Cotidianidades… / Luis Antonio Rincn Garcia

El entusiasmo de mi amiga era desbordante, no sólo dejaría atrás su puesto de burócrata, sino que además se lanzaba a la vida empresarial con un negocio de costura cuyos diseños —no lo dudaba ella— la pondrían a la altura de Cocó Chanel.
—¿Quieres que te costure una camperita? —me dijo con un tono arrogante que entreveraba el dejo de benevolencia que de seguro usan los dioses para con los mortales.
Yo le dije que sí, aunque no entendí qué me estaba ofreciendo. Y tampoco quise preguntar, para no quedar como un tarugo ante esa futura diseñadora de talla internacional.
Lo que sí recuerdo es que tomó medidas con una minuciosidad casi impúdica, y que debí esperar muchos días para recibir un costal con botones dorados, mangas más largas que mis brazos y un borde inferior que no lograba cubrirme el ombligo.
—¿Te ha crecido la panza? —se atrevió a preguntar la insensata, quien ante mi negativa remató con un simple: —Bueno, un error lo comete cualquiera.
Pocas semanas después, ella estaba trabajando de vuelta en una secretaría estatal, y la anécdota quedó como un chiste antiguo entre amigos de siempre.

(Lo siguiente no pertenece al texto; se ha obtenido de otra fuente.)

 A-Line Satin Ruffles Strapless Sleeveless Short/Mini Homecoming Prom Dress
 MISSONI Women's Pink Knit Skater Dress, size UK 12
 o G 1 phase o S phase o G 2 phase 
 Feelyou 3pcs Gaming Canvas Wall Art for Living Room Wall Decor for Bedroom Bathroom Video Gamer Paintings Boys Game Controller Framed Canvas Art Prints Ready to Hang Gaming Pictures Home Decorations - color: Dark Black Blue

Con el tiempo me di cuenta de que ante situaciones laborales donde me topé con errores de mis compañeros, por más graves que fueran, actuaba de modo parecido, sin escandalizarme y además aceptando el reto de encontrar soluciones adecuadas.
Sin embargo, no en todos lados actúo igual.

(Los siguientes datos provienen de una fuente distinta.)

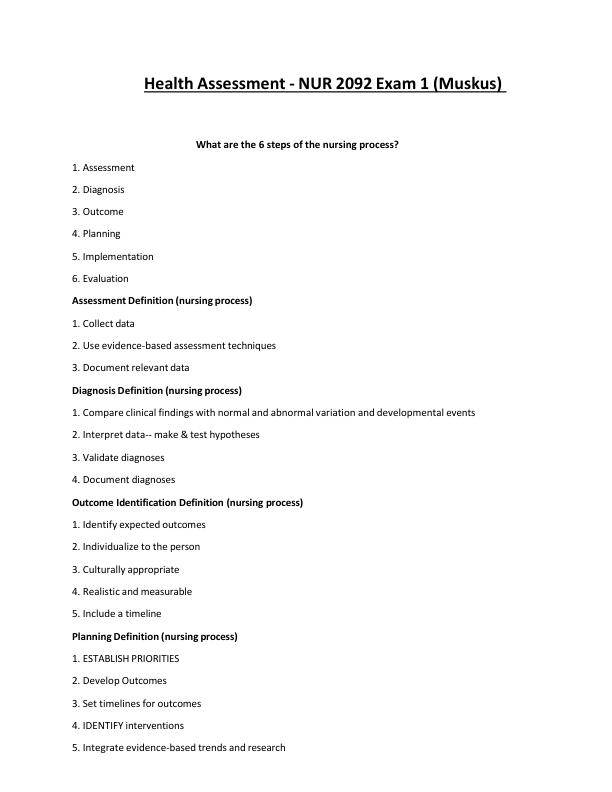 Health Assessment - NUR 2092 Exam 1 (Muskus)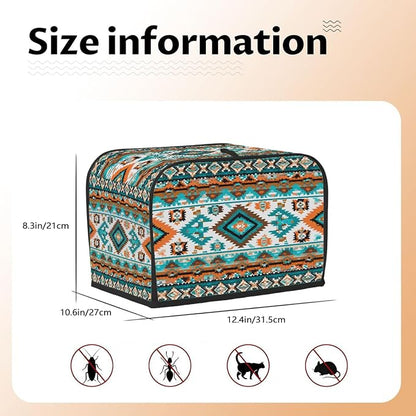 4 Slice Aztec Ethnic Colorful Toaster Cover Waterproof Dust Fingerprint Bread Machine Cover Washable Kitchen Appliance Protector For Home Kitchen Bakeware Table Decor Women Gifts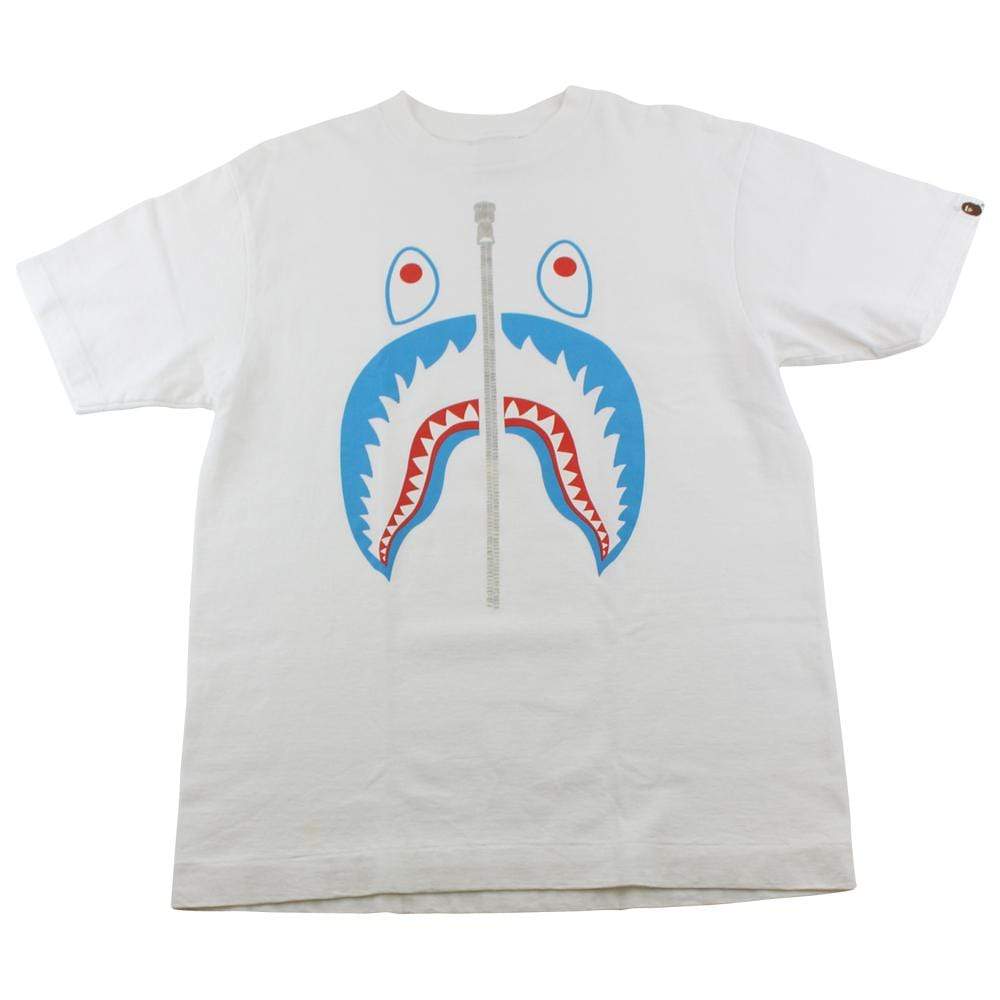 Bape Blue Face Shark Tee White - SaruGeneral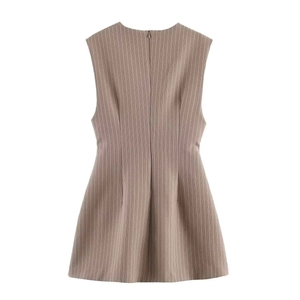 Brown sleeveless A-line mini dress with vertical stripes and hidden back zipper
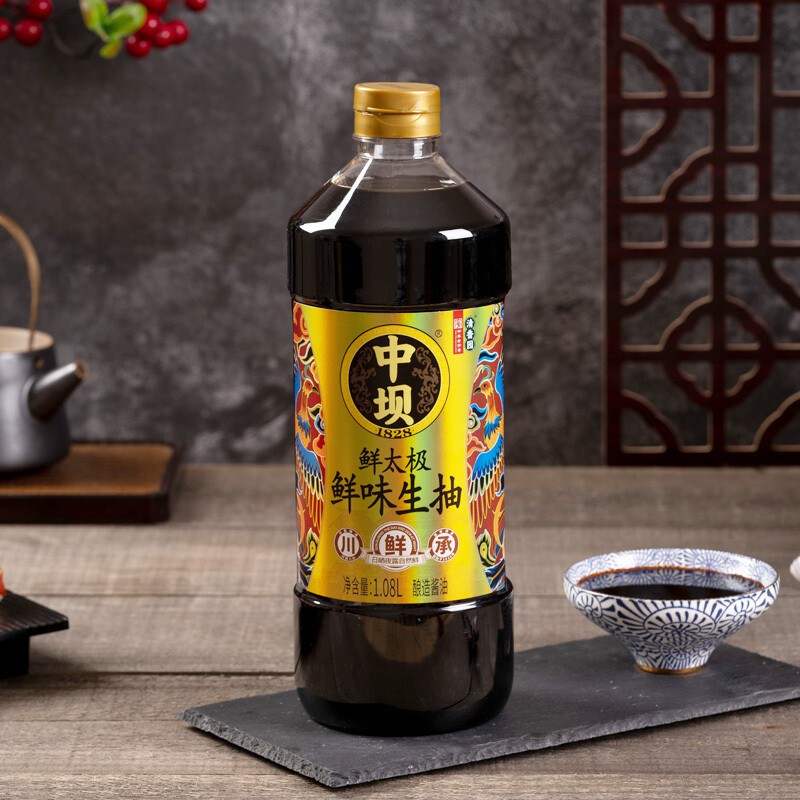 中坝生抽酱油鲜太极味极鲜酿造黄豆口蘑酱油家用08l2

Hace pocos días llegó el querubín con un libro de cuentos para practicar la lectura de palabras y yo me dispuse a cumplir con mi labor de padre.
Pronto cometió varias equivocaciones, lo cual no me hizo gracia. Armé un par de ejercicios para corregir sus fallas, pero sólo ayudaron a confundir más al niño, lo que fue encendiendo mi enojo, al tiempo que en él aumentaba el nerviosismo.
Un largo rato después seguíamos trabajando. Según yo, apoyándolo en su proceso de aprendizaje, sin embargo él me contó con su mirada que estaba sufriendo una tortura.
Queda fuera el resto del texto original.